Alors oui, ils ont vieillit, et certains passages sentent un peu le réchauffé mais c'était tellement tentant de retrouver le piquant et la mauvaise foi d'
Edward Abbey, plus irrévérencieux que jamais, que j'ai foncé tête baissée.
Seulement voilà, le gang n'est plus vraiment le même et l'époque a bien changé…
Face à un Goliath toujours plus gros, notre petit David aussi a grandit, devenu un ado boutonneux et vulgaire, au vocabulaire fleuri et à l'attitude désabusée.
Car il en rajoute des tonnes notre écrivain du désert, sans retenue, toujours plus provocateur. Il nous avait habitué à plus de subtilité, comme s'il savait qu'il tenait là son dernier livre, un dernier combat, ultime coup de gueule face à l'inéluctable. Autant y aller franco !
Mais ce dernier combat est un combat perdu d'avance, donnant à l'ensemble une saveur douce-amère, entre cynisme et nostalgie, un peu triste en fait.
Je ne vais pas dire que je n'ai pas ri du tout, il y a des passages vraiment marrants (J'ai adoré le chapitre du rassemblement d'Earth First ! sorte de fête de l'Huma hippie où des militants écolo-gauchistes-féministes-idéalistes-nudistes déambulent parmis les différents stands, fabrication de saucisses végétales, lecture du pouvoir cosmique des cristaux, tressage de fleurs ou propagande anarchiste, et tentent de créer une coalition écolo; vraiment excellent)
Mais l'ensemble manque quand même furieusement de classe. On a peine à reconnaître un Abbey admiré pour la poésie de son écriture et sa finesse d'esprit (malgré une mauvaise foi légendaire, qui, elle, n'a pas bougé).

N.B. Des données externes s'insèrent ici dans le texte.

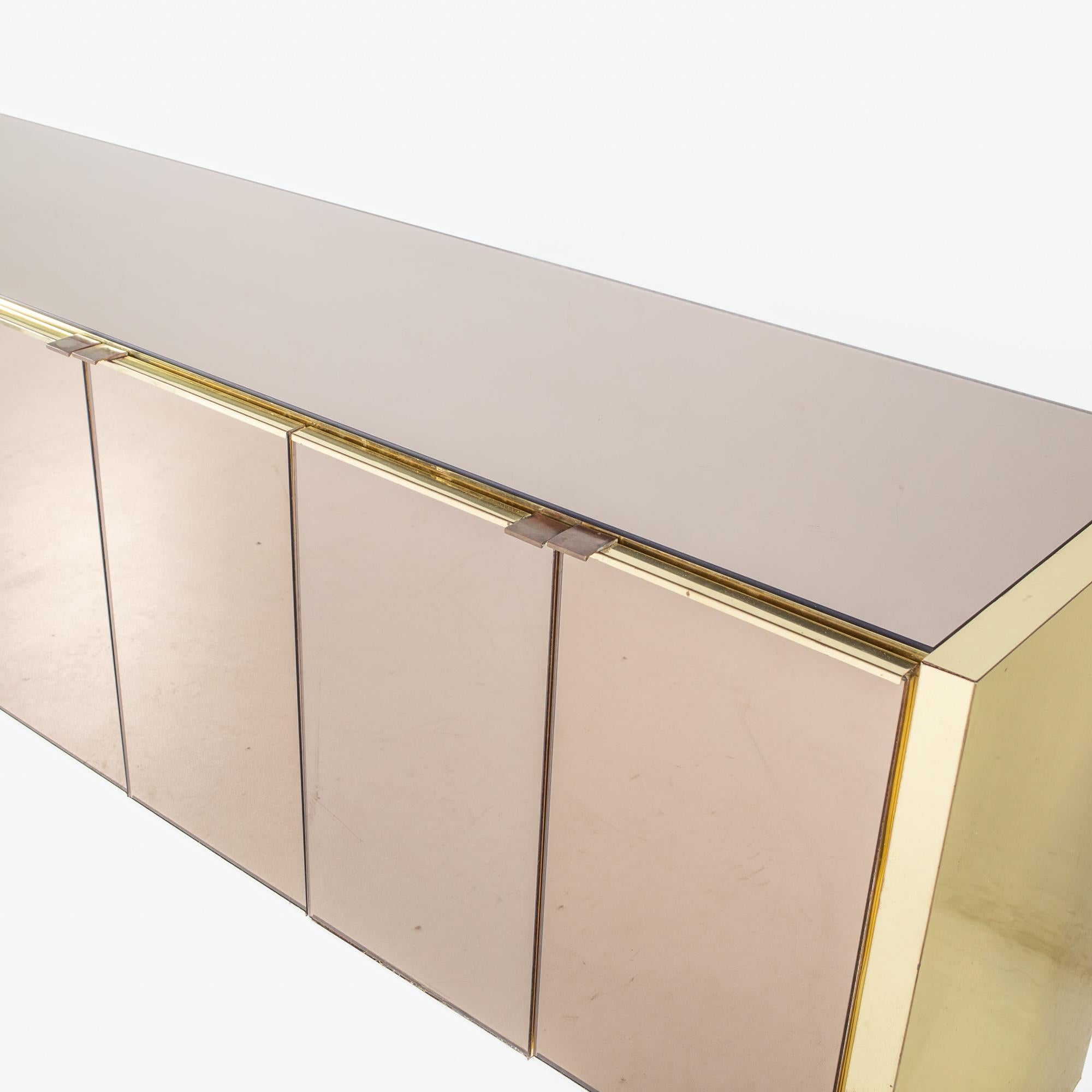 Ello Mid Century Brass and Mirrored Sideboard Credenza In Good Condition In Countryside, IL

J'ai eu l'impression de manger une de ces copies de biscuits de grande marque qu'on trouve en magasin discount, vous savez, les « Popitos », ça a l'aspect du vrai, presque le même goût, mais en trop sucré, trop bourratif, trop écoeurant.
C'est too much et ça me rend tellement chagrin !
Adieu chers amis du gang, amoureux du désert et des cannettes de bière. Je vous ai aimé (beaucoup), mais je vous quitte. Ce fut pour moi le combat de trop.